Linkerd's own production readiness is, as we've written before, a practice rather than a switch. The same is true of operational visibility: the tool only matters if you set it up with some care. A short checklist for the first few weeks:

  • Pick a cluster naming convention before you install the first agent. Something like env-region-purpose (prod-eu-west-1-payments) is a fine default. The name persists everywhere in Buoyant Cloud, and renaming after the fact is more friction than it sounds.
  • Deploy the agent to every cluster, including dev and staging. You won't catch a dev-versus-prod config drift if you only watch prod. Full-estate visibility costs almost nothing; the agent is small.
  • Wire alerts on day one. Even if it's just a single Slack channel. Day-one integration is cheaper than retrofitting alerting onto a system that's already in production.
  • Exclude the noisy workloads. Use workload exclusion to keep the dashboard signal-to-noise honest. Cron jobs that flap, batch workloads that crash on purpose, dev experiments—quiet them down so the real signals stand out.
  • Keep the agent current. A helm upgrade against the latest chart version. Schedule it on the same cadence as your BEL upgrades so it doesn't drift.
  • Verify image signatures on the agent. Supply-chain hygiene applies to your observability tools too. The 2.19 release pipeline added end-to-end signing for a reason; use it!
  • Use "Send Diagnostics" before opening a support ticket. It's a button in the dashboard that bundles the right data for Buoyant support to look at. It saves a round trip.

Common stumbles: Common agent connectivity and data stale issues

A few things that catch teams out:

  • Agent can't connect. Almost always an egress rule or a network policy blocking outbound HTTPS. Check the agent pod logs first.
  • Cluster name mismatch. If you renamed the cluster after registration, you'll see two entries or stale data. Avoid renames if you can
  • Stale data. The agent pod is probably crashlooping. kubectl get pods -n linkerd-buoyant and check.
  • Missing metrics for a workload. Workloads without a Linkerd sidecar don't generate proxy metrics. Confirm injection.
  • Certificate issues. Check the buoyant-cloud-org-credentials secret in the linkerd-buoyant namespace.

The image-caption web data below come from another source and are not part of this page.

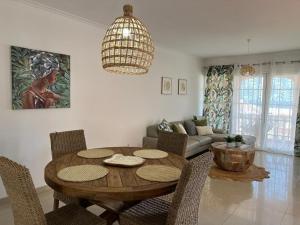 uma sala de estar com uma mesa de madeira e cadeiras em Villa coralin em Morro del Jable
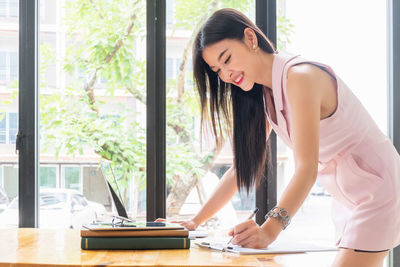 Side view of young woman on table against window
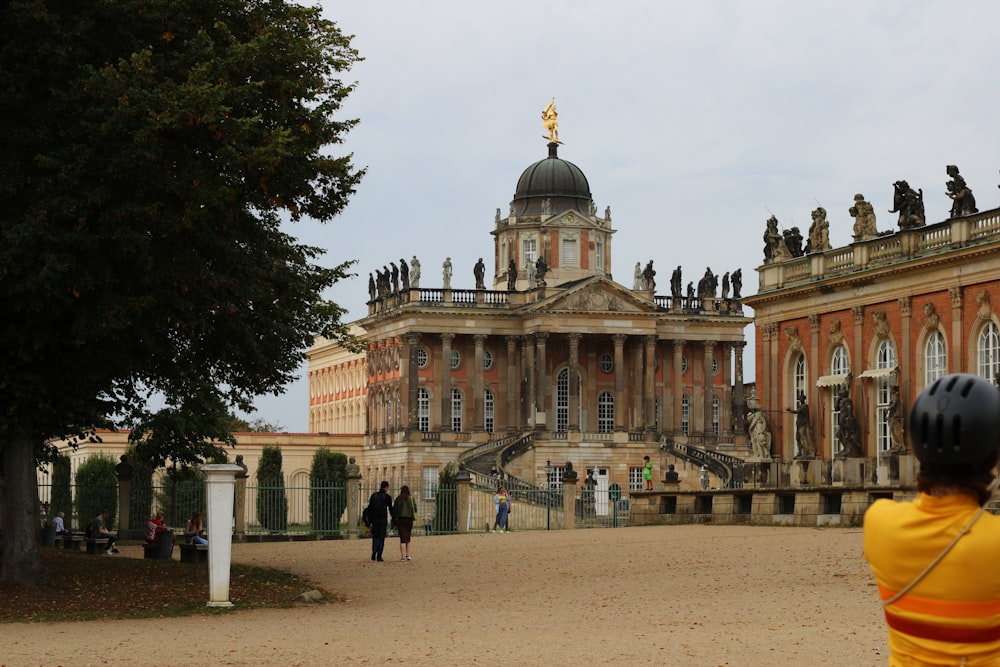 a person taking a picture of a large building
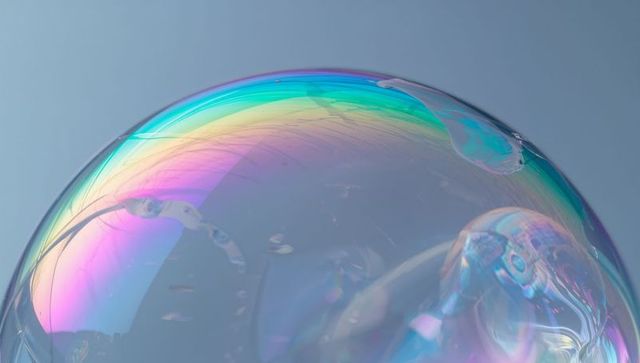 Vibrant Soap Bubble Floating with Iridescent Colors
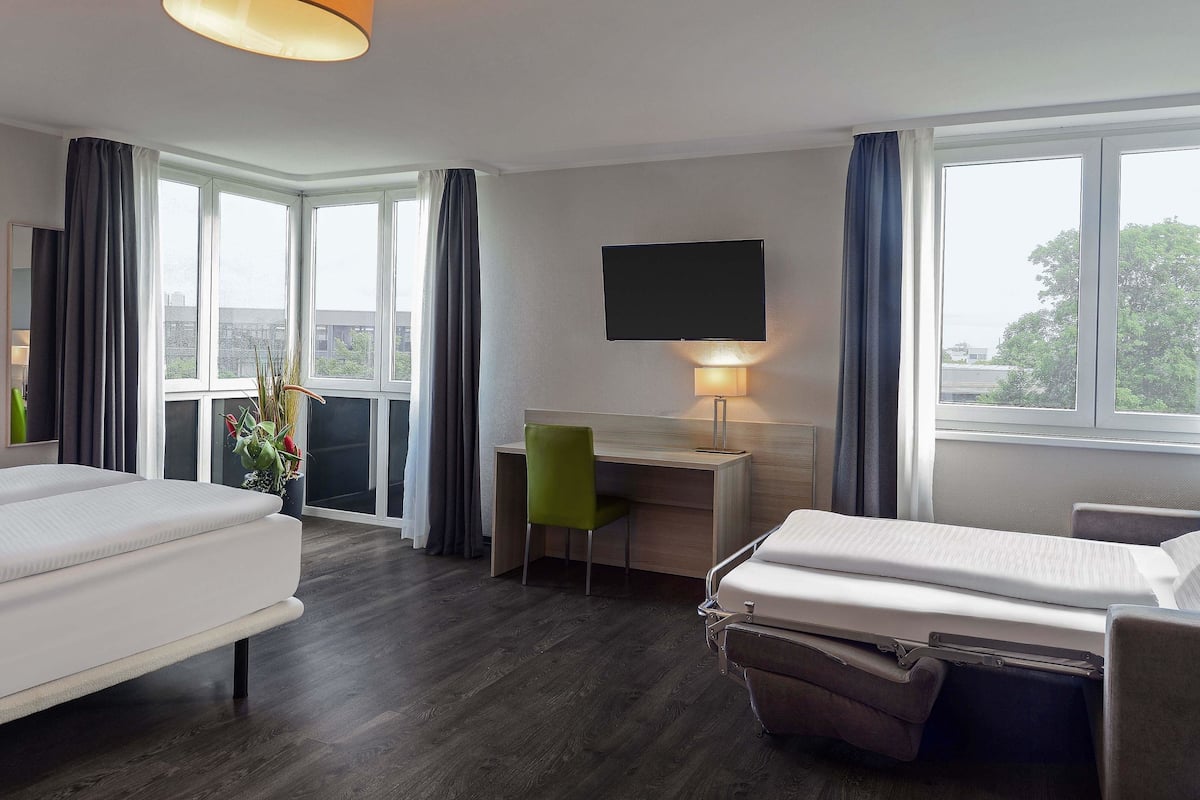 Una habitación de hotel con cama, escritorio, silla, televisor y ventanas amplias.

Production visibility: Translating Linkerd's golden metrics into actionable insights

Production readiness is a practice. So is visibility. Installing Buoyant Cloud doesn't make your mesh healthier by itself. What it does is take the signals your mesh has been producing all along and turn them into something you can act on before something escalates.

The fastest way to feel the difference is to deploy the agent into a single dev cluster, walk through the dashboard for ten minutes, and notice how many of the things you've been tracking by hand are already on a screen waiting for you. Your mesh has been telling you things. This is what it sounds like when you actually listen.

FAQ

Why should I use Buoyant Cloud in a Linkerd multi-cluster deployment?

Buoyant Cloud is a SaaS aggregation layer that collects mesh telemetry from multiple clusters running Buoyant Enterprise for Linkerd (BEL) and stitches it into a single, comprehensive operational view.

What specific data does the Buoyant Cloud agent never collect to ensure application privacy?

The agent never collects application traffic contents (request/response bodies, headers), private keys, or application payloads of any kind, ensuring secure data-handling.

How does Buoyant Cloud proactively help identify problems before they escalate into incidents?

It runs continuous diagnostics, surfacing critical events like version incompatibilities, certificate expiration warnings, and configuration drift in the Events feed, providing lead time to act.

How does the Buoyant Cloud agent securely transmit mesh data without requiring an inbound connection to the cluster?

The agent is push-only, opening a secure outbound HTTPS connection to Buoyant Cloud's endpoints on port 443; the platform never connects back into your cluster.